そういう機会もなく、いわば放置されている子どもたちが少なくないとすれば、彼らは、日本という国や日本人を好きになってくれているであろうか。 
 その昔、オーストラリア人の家族と一緒に半年ばかり暮らしたことがある.両親は、二人の小学生を、日本の小学校に通わせることを希望し、知り合いの校長の好意で、その願いがかない、少々遠い学校までバスで通学した。心配したが、真面目に、明るく、通学しているようであったが、学校での様子を訊くと、先生の言っていることは、全然分からないし、先生も、「トイレット」くらいの英語しか分からないということであった。しかし、同級生に疎外されることもなく、異国の体験をしたようであった。成長した今も、日本がきらいではないことを願っているし、信じてもいる。
 
  東京福祉大で多数の留学生が所在不明になっているという。大学は、所在不明学生を「除籍」扱いにし、実質的には、責任を逃れていたようで、実態把握進まなかったという事情もあるようだが、教育機関としては情けない。留学生の側にも、勉学というよりも労働のために来日するケースもあるようだが、少子化で定員割れの大学としては、留学生はありがたい存在であり、できるだけ多くを引き受けたいという事情もあって、こういう事態に陥ったということであろう。インタビューされた元留学生の一人が、授業の内容がつまらなかったと言ったが、それは、学生の責任か、大学の責任か、双方の責任か、よくよく考えてみたい。労働力不足を外国人労働者の招致で解決しようという安易な考えに通じるところがないだろうか。

 これも、私の経験で恐縮だが、かつて、海外の現職教員に、2年間、日本の大学で研修してもらう制度があって、タイと韓国の現職教員を引き受けることがあった。指導教員としてだけでなく、同時に身元引受人にもなるという、いやも応もない仕組みであったが、国立大学の成員としては断りにくい面もあった。しかし、研究費の点でも、勤務条件の点でも何の配慮もなく、これで、研修生が問題でも起こしたら、身元保証人としての責任も生じると半分憤っていたが、「問題が生じたら、最終責任者は文部(当時)大臣です。」という事務担当者の訳の分からない説明があり、その実効性のなさ、無責任さにあきれたことがあった。格好のいいことはしてみるが、地味なことや、責任は回避するという役所や大学のいつもの姿勢であることを実感した。大学も、小、中、高校と同様にブラックな職場であり、苦労したあげくに感謝もしない研修生を送り返すことになったとしたら、一体、何のための国際貢献ななのどであろうか。しっかりしたバックアップ態勢模様いせず、表面だけを繕うと、結局は感謝されることの少ない行為に終わる。

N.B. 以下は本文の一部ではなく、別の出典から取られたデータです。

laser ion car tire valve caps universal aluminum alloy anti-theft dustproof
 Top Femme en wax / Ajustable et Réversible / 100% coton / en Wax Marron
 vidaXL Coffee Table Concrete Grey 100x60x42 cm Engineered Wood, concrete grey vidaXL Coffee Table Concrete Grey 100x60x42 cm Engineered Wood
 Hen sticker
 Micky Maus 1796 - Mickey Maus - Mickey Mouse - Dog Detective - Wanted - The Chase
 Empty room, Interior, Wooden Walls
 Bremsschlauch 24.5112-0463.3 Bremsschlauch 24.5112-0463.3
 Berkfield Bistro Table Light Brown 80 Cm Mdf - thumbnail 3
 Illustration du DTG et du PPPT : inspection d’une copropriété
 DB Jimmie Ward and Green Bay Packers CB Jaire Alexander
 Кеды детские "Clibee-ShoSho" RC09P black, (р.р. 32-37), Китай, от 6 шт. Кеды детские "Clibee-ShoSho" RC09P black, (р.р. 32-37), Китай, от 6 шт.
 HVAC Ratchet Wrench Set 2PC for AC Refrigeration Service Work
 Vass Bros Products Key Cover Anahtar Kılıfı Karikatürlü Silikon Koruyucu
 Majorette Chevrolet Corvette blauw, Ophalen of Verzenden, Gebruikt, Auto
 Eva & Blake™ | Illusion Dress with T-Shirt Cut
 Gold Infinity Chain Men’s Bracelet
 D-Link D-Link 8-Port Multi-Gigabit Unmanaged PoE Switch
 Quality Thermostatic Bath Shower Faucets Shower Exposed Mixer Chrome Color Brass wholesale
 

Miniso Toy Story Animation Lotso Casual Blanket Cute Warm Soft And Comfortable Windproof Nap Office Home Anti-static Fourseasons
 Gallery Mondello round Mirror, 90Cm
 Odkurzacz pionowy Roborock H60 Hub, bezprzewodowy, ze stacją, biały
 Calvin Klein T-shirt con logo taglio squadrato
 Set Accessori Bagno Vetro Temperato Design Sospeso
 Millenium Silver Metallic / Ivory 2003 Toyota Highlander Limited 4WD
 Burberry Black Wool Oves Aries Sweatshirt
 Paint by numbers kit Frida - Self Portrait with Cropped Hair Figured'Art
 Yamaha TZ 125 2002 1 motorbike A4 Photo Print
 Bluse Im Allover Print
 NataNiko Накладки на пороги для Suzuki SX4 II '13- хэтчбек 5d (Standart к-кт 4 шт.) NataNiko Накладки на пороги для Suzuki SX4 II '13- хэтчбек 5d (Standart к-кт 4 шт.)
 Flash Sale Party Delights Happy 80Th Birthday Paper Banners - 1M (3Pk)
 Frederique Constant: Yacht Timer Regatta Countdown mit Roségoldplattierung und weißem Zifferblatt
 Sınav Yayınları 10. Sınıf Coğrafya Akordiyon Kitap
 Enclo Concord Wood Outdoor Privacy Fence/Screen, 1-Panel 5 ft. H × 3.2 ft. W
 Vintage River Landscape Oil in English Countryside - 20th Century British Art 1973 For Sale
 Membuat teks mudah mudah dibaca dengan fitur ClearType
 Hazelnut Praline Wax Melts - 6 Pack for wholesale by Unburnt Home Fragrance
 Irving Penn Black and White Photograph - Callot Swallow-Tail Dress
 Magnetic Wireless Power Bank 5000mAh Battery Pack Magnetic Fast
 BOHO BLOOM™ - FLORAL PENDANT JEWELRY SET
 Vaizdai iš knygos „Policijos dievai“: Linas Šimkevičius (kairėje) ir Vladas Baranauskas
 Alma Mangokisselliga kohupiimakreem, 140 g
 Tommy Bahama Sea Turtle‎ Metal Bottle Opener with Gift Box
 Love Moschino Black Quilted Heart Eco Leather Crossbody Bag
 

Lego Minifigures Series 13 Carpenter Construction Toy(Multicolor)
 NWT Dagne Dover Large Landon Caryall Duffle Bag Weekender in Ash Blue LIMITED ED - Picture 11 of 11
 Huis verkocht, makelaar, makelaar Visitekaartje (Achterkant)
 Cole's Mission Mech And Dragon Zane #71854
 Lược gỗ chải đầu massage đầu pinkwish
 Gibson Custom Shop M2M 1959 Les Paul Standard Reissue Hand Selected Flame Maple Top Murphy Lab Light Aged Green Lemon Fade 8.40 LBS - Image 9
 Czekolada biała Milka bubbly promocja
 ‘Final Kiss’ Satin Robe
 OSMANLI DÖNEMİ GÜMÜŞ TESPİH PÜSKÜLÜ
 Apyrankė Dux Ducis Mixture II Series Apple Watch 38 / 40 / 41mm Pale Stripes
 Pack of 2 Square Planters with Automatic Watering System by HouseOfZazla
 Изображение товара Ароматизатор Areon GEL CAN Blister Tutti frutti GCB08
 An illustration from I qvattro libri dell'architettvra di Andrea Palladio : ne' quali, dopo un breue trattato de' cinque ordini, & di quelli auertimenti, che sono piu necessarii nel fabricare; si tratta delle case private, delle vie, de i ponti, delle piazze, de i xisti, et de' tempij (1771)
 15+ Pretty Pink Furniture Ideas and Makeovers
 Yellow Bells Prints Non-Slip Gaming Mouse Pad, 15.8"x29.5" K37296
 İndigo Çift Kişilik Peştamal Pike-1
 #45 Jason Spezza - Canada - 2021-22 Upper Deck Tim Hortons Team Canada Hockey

 未就学の外国籍児童、生徒の問題に戻ろう。保護者が日本で住民登録をしている場合、その子弟で義務教育段階にある者の扱いは、日本人の児童、生徒に準じるという程度の対応をしたい。前期の小学校の校長さんの話では、日本人の場合は無償配布である教科書は、外国籍の子どもの場合は、別途、届け出をして入手するのだという。特例扱いである。校長さんは、少しも面倒がる様子はなかったことは大きな救いであった。税金でまかなっている検定教科書であるから、外国籍の子どもには……という考えもあろうが、外国人の場合も保護者のほとんどは、納税者である。なにより、多くの外国籍の子どもたちが日本で配慮の足りない扱いを受け、成長後に日本に好感を持てない大人になることを危惧している。

 受け入れ体制の整備は、大前提である。行方不明になった研修生(外国人労働者)の場合、低賃金のために来日に際して作った借金の返済不能のための行動という面もあるようだが、悪質な口入れ屋、ブローカーがなぜ存在するのか、なぜ、日本が公的な窓口を用意しないのか、狡猾な職員・役人が出現しないという保障はないが、状況は、ずいぶん改善するはずであろうし、わが国に対する信用度も高まるであろう。